Tuesday, August 21, 2012

Recommended article: "A response to George Galloway, and what we mean by consent"

-- Note: Content and trigger warnings for rape culture and rape.

The very short version, in case you've missed it in the news: George Galloway, Respect Party MP for  Bradford West in the UK, claimed that if a man has sex with a woman while she is asleep, it is not rape:
http://www.guardian.co.uk/media/2012/aug/20/george-galloway-julian-assange-rape

This response post is one of the best I've seen -- much better than ones which are getting much more play on teh interwebs -- and I invite you to read it, for oh so many reasons.
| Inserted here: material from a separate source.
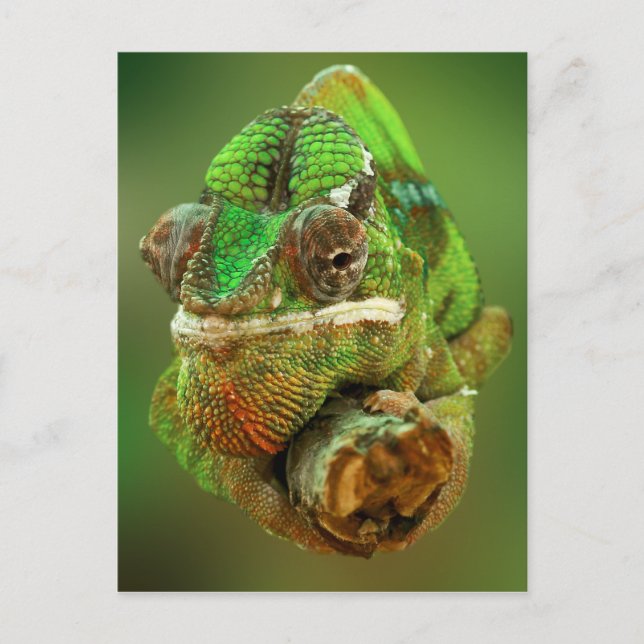 Carte Postale Photo de caméléon (Devant)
"A response to George Galloway, and what we mean by consent"
http://sianandcrookedrib.blogspot.co.uk/2012/08/a-letter-to-george-galloway.html?m=1

A few points:  

Because the way I read [your remarks], my body, as the common parlance would suggest, is ‘fair game’ to anyone who has ever had sexual access to it. If those people tried to have sex with me without my consent, it seems you believe they would merely be guilty of ‘bad sexual etiquette’, rather than rape. 

I love the way the author puts this plainly and calls it out -- the dangerous idea, which so many persist in clinging to, that sex without consent is no big deal, rather than something life-threatening and life-changing -- that sex without consent equals "bad sexual etiquette’, rather than rape." 

The recognition that women are not the sexual property of their partners is one reason why marital rape was made a crime in this country in 1991. And why we don’t have laws that recognise degrees of rape. Such degrees don’t exist.

Yes.  
 
Consent is not an absence of ‘no’. It is not a permanent state of being. It is the presence of an enthusiastic, mutual ‘yes’. It’s present, for example, when your partner is responding enthusiastically. It is NOT present when your partner is asleep, or when it’s dependent on using a condom and no condom is used, or when you’re trying to fight off a man pushing your legs apart (the other allegation made against Assange) and that woman is trying not to cry, or when, out of fear, you’ve frozen and can’t speak that ‘no’. Those are just a few examples of when consent is absent.
 
Consent is not a permanent state of being.   Consent once does not mean consent two times, three times, or an infinite number of times.